“Just what we need…another fooking Yank!” Hate-filled eyes pounded me like fists.
I didn’t expect my arrival at Gloucester House, the prep school for Portora Royal, in Northern Ireland to start off like that at all. I exited swiftly to the relative safety of my dorm wondering what had I done to deserve this.
I hadn’t done anything, but it didn’t matter. I soon found out the one whose welcome set the tone was a Roman Catholic, and his cohort a Protestant, and I found it strangely ironic the two would be united against me who was just minding my own business trying to be friendly. “They hate each other – you can’t expect them to hate you any less,” Mom said later trying to console me. I didn’t see any evidence of them hating each other – just them hating me. There had to be another reason, I thought.
It didn’t take long to find out that America was responsible for much of the terror. They supplied the guns, ammunition, and money. Was America still fighting the Revolutionary War like the British still referred to America as the Colonies? Not exactly; America was full of Irish, especially in the North East, and there was the core of support for the IRA.
I learned about a group called NORAID who ran fund-raisers and bake-sales for The Cause. I learned later that persons linked the committee also ran guns for the IRA. In 1981 NORAID was forced to list the IRA as their principal benefactor, though NORAID was allowed to challenge the ruling. American guns, ammunition, and money again flowed to Ireland.
Support for Irish terrorism wasn’t restricted to private citizens either. I just finished watching a 2010 St. Patrick’s Day breakfast with Gerry Adams, in Boston, featuring Senator Jack Hart thanking the local faithful for their support in the cause. “We couldn’t have done it without you,” he says. And then there’s Senator Peter King who once said, “We must pledge ourselves to support those brave men and women who this very moment are carrying forth the struggle against British imperialism in the streets of Belfast and Derry.” He made many other comments, too, like, “If civilians are killed in an attack on a military installation, it is certainly regrettable, but I will not morally blame the IRA for it.” This is the guy who held hearings on the radicalization of American Muslims just recently.
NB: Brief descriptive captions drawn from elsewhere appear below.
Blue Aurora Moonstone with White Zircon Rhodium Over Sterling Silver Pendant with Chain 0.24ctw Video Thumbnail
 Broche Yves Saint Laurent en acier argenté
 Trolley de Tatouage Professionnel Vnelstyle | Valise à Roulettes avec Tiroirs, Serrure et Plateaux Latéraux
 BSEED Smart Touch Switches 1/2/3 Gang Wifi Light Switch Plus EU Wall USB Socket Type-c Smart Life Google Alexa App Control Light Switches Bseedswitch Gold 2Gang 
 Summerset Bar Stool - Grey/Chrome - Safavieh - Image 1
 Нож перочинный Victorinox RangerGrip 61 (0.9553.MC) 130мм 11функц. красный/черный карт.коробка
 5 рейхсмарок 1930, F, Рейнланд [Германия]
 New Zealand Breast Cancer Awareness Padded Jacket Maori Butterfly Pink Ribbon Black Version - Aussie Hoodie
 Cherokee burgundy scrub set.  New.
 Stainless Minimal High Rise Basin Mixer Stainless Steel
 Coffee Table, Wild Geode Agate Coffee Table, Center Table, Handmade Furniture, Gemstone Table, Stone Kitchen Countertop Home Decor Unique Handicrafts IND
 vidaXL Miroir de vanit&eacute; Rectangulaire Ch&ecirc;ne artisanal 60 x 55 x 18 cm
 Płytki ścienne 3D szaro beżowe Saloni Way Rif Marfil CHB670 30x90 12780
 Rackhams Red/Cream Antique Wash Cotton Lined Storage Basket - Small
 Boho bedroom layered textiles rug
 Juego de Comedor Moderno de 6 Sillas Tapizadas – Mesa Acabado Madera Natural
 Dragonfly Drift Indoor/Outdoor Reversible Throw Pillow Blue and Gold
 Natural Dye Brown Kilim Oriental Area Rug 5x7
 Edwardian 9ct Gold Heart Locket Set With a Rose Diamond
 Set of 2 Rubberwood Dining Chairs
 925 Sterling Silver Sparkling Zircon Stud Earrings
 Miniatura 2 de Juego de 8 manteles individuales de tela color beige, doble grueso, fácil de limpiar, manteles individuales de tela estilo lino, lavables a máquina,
I know all this now, of course, and my opinion is less-pointed than it had been as I learn more and more about what everyone was fighting for, but even if I’d known it then it wouldn’t have mattered. The kids in Ballygawley, Northern Ireland, Protestant and Catholic alike, never seemed bothered by each other or me. In fact we got on fine; they were friendly and curious, asking if my family had a television and how much did a loaf of bread cost and did I know anything about fishing and building big fires.
Truth is it took only a short while before I learned the root of the hatred at school. Wanting to avoid conflict as best I could, I minded my own business all the while observing and listening, and I noticed they’d mostly react strongly and negatively to American television shows. Comments like “Americans think they’re so much better than everyone else,” and “Americans have to have everything bigger and better” told me what I needed to know – their hatred was fueled by a Hollywood portrayal of America coupled with a resentment of the vague truth that America was the land of plenty. In other words: ignorance.
Then again, isn’t ignorance the root cause of most hatred?